As regulações estão chegando e vão se acentuar no futuro. Regulações sobre novas construções começam a ser comuns em várias cidades norte-americanas. O Parlamento Europeu, por exemplo, acaba de aprovar uma lei que proíbe proprietários de imóveis comerciais de venderem ou alugarem os seus ativos caso eles tenham uma certificação de eficiência energética F ou G (numa escala onde A é eficiência máxima e G a pior classificação).  

Os efeitos patrimoniais no valor dos ativos podem ser consideráveis ao afetar o potencial de locação dos imóveis e, mesmo sem novas regulações, o próprio mercado já está impondo essas mudanças. 

Muitas multinacionais e grandes grupos nacionais já têm restrições em locar imóveis que não cumpram certas metas de eficiência energética e investidores crescentemente impõem a grupos operadores de imóveis (escritórios, shoppings, hospitais, hotéis etc.) relatórios detalhados sobre a pegada carbono dos seus ativos e quais estratégias estão adotando para a reduzir. 

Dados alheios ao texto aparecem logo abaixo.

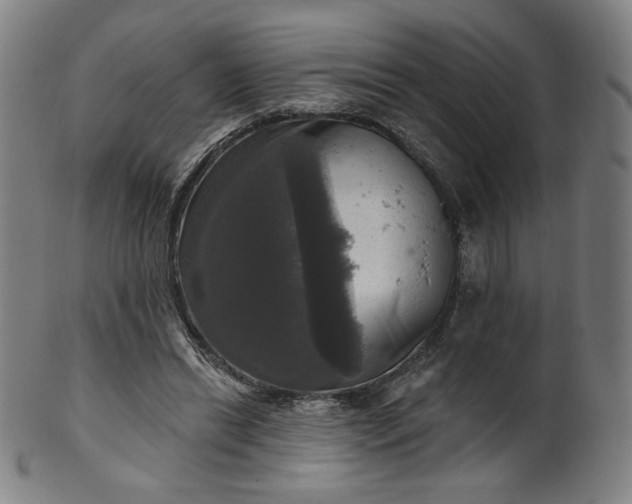 X0000099950446200806061546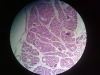 testes-8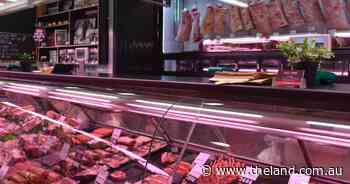 Why experts believe store cattle prices will defy global market pressures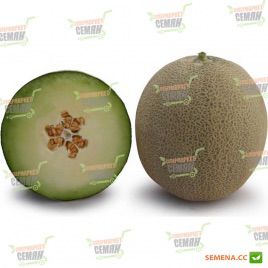 КС 7044 F1 (KS 7044 F1) семена дыни тип Japanese поздней 85-90 дн. 1,5-2,0 кг окр. сер.-зел./св.-зел. (Kitano Seeds)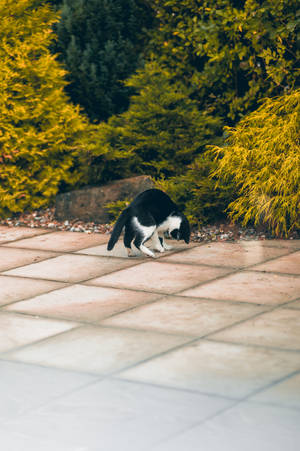 Kawaii svart og hvit katt som leker — Søt katt GIF Bakgrunner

Isso quer dizer que o valor dos ativos imobiliários pode sofrer grande desvalorização caso não sejam feitas as melhorias necessárias – sem falar na necessidade de reportar adequadamente os atributos ambientais desses ativos ao mercado.

Custos (e ganhos) de transição

A agenda de descarbonizar o setor imobiliário e de reduzir a sua pegada de carbono tem, sem dúvida, custos de transição. Ativos existentes precisam ser modificados e retrofitados e novos ativos precisam ser construídos de outra forma. Mas o potencial de ganho é inegável. 

Edifícios mais eficientes representam dinheiro no bolso para quem os detém. Novos materiais e técnicas diferentes de construção trazem benefícios à cadeia construtiva e redução do custo final. 

Além disso, novas tecnologias estão sendo desenvolvidas que podem reduzir em muito os custos de transição. Edifícios mais inteligentes, novos materiais de construção, formas mais eficientes de produzir cimento e técnicas de construção que reduzem o uso de materiais. 

Inúmeras startups no mundo e no Brasil estão liderando essa mudança, trazendo tecnologias que não só podem trazer ganhos financeiros para todos os atores do setor imobiliário, como ajudar na concretização das metas de redução de carbono necessárias para reduzir a aceleração das mudanças climáticas a que assistimos.

Novos materiais e métodos construtivos

No capítulo de materiais de construção, por exemplo, reduzir a temperatura necessária nos fornos para produzir concreto e cimento é uma das grandes prioridades. Existem também muitas iniciativas de introdução de madeira engenheirada na construção, reduzindo as quantidades necessárias de concreto, sendo esta uma área onde o Brasil, dada a abundância de território para plantio de floresta, possui vantagens naturais. Na operação imobiliária, é possível reduzir em muito o consumo de energia e aumentar a vida útil dos equipamentos dos edifícios. 

No Brasil, muito da agenda climática é dirigida, corretamente, à questão da Amazônia e do desmatamento que ela sofre. Na raiz do problema está a dificuldade em dar preço a muitas das coisas que a árvore em pé dá à sociedade, como diversidade biológica, chuvas nas áreas agrícolas e nas bacias hidrográficas. Essa dificuldade faz com que, na ponta, para muitos, a árvore no chão tenha mais valor. Na madeira que é vendida, no espaço que é ganho para pastagem de gado etc. 

No setor imobiliário, que pode também dar uma grande contribuição às metas climáticas do Brasil, diferentemente da floresta, todos os elementos têm preço. Do cimento ao concreto, do aço ao vidro, da energia elétrica à manutenção. A agenda climática pode andar de braços dados com o benefício econômico. 

O papel do setor imobiliário nas mudanças climáticas vai ser um dos grandes temas da COP28 este ano, em Dubai. O país, que se assemelha a uma “bolha” de cimento no deserto, é um dos que mais constrói no mundo, mas onde este tema é mais debatido atualmente. No Brasil, a discussão está apenas começando. 

Diogo Castro e Silva é sócio da Finvest Climate. Antes, foi CEO Latam do Grupo Fosun, vice-presidente executivo no Banco Caixa Geral Brasil e diretor sênior de investimentos da IFC, do Banco Mundial, onde liderou investimentos em todo o Brasil, na África do Sul, Rússia, Balcãs e Turquia. É pós-graduado em Economia Financeira pela Universidade de Londres e licenciado em Economia pela Universidade Nova de Lisboa.